- Developer: Now Production
- Publisher: Namco
- Designers: Taiji Nagayama Bishibashi Haro
- Programmers: Nobuyuki Shinohara Myt Juso
- Artists: Taiji Nagayaam Juncha Baguchan Hidebou
- Composers: Anna Puruna Masakatsu Maekawa
- Series: Splatterhouse
- Platform: Famicom
- Release: JP: July 31, 1989;
- Genres: Action, platform
- Mode: Single player

= Splatterhouse: Wanpaku Graffiti =

1989 video game

 is a 1989 action-platform video game developed by Now Production and published by Namco for the Family Computer. It was originally released only in Japan, although it saw a localized Western release in 2020 as part of the Namco Museum Archives Vol. 1 compilation. It is the second game in the Splatterhouse series, and the first to be released for a home console. The game is a parody of the original Splatterhouse, and takes a comical approach to its presentation, featuring super deformed characters as well as parodies of horror films and other pop culture references related to the genre.

==Gameplay==

Rick faces the boss of the first level, a Michael Jackson inspired vampire.

Unlike the other Splatterhouse games, Wanpaku Graffiti focuses more on platforming elements than beat 'em up gameplay. Instead of using punches and kicks, Rick wields an axe and can pick up a shotgun with limited ammo during certain levels. This game also features an experience point system. By defeating a certain number of enemies, Rick's health bar grows. The number of enemies needed is seen at the top of the screen. New to the series is the password system, which allows players to enter stages through four digit numbers.

If both of the crystal orbs are collected during the game, a shot at the end with Rick and Jennifer approaching the West Mansion like in the original Splatterhouse will be revealed. The ending would suggest that Rick was possibly dreaming all the events of this game when he is seen on the hill with Jennifer. The dream may have been a warning about what was going to happen in the West Mansion in the next game.

==Plot==
Wanpaku Graffiti opens as Jennifer weeps over Rick's grave. Lightning strikes, hitting the grave and reviving Rick, who has been wearing a mask. Lightning strikes again, hitting the grave next to Rick's and revives the Pumpkin King, the game's main antagonist. The Pumpkin King kidnaps Jennifer and Rick must go save her.

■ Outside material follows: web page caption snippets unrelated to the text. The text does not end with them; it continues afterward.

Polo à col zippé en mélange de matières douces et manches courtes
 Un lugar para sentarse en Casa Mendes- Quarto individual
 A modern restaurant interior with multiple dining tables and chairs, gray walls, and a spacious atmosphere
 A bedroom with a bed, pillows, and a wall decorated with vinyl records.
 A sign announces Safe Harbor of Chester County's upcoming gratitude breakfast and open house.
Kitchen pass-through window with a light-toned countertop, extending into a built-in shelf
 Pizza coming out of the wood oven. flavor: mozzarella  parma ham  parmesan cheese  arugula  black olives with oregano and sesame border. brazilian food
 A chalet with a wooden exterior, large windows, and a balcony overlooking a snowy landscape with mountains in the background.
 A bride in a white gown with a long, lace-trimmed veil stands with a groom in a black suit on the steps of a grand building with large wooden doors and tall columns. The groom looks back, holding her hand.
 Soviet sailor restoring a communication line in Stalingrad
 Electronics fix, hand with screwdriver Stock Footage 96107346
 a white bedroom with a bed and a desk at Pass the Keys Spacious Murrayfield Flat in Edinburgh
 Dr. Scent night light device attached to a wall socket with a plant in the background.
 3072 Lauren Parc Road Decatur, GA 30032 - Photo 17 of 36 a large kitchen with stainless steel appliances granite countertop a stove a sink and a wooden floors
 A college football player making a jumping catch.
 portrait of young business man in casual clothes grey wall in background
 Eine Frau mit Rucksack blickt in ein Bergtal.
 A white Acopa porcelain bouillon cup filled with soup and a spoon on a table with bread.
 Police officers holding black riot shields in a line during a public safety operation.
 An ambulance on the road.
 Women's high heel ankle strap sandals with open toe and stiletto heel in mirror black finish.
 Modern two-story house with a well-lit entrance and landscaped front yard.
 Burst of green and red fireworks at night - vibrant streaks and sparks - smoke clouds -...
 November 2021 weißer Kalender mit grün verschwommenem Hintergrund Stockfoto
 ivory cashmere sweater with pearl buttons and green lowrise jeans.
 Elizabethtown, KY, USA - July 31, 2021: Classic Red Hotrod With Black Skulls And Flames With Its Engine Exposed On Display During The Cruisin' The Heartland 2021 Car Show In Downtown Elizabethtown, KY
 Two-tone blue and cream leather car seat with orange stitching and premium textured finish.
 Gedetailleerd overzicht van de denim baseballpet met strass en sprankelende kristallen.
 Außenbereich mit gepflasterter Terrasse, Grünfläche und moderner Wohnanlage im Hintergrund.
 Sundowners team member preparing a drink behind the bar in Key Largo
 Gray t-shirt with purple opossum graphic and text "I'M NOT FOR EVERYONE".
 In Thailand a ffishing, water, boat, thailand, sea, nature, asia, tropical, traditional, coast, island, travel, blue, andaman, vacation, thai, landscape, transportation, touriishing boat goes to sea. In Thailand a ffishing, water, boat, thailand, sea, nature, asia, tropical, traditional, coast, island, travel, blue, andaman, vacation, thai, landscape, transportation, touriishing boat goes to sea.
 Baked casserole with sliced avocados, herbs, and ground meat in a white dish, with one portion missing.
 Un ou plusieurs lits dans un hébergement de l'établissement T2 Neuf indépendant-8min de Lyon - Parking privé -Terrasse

After fighting through several levels of super deformed monster parodies, Rick finds himself in the office of the Pumpkin King. Upon defeating him, it is revealed to the player that the whole game was merely a movie. A director congratulates Rick on his fine acting, Rick removes his mask, and they leave. Once everyone has left, the mask comes to life, revealing it is not what it seems. If the two crystal balls are collected, there is an extended epilogue. One crystal ball contains a picture of Rick lying on top a hill with Jennifer, stating that they live happily ever after. The second crystal ball has a glimpse of Rick looking uncertain as Jennifer excitedly approaches what appears to be West Mansion during a storm, ominously stating that they will face a crisis. This may imply that Wanpaku Graffiti was intended to be a prequel to the original game.

==Reception==
JC Fletcher of Joystiq.com reviewed the game in the "Virtually Overlooked" column, devoted to games that should appear on the Wii's Virtual Console. Fletcher praised the game's graphics and parody elements, writing "Splatterhouse wasn't the most deadly serious game, but it was bloody enough to be shocking...How would you follow up a game like that?" Fletcher went on to say that "parody remakes" are missed in the video game industry. Overall, critics of the game have deemed its graphics, control, and parody nature Wanpaku Graffiti's strongest aspects.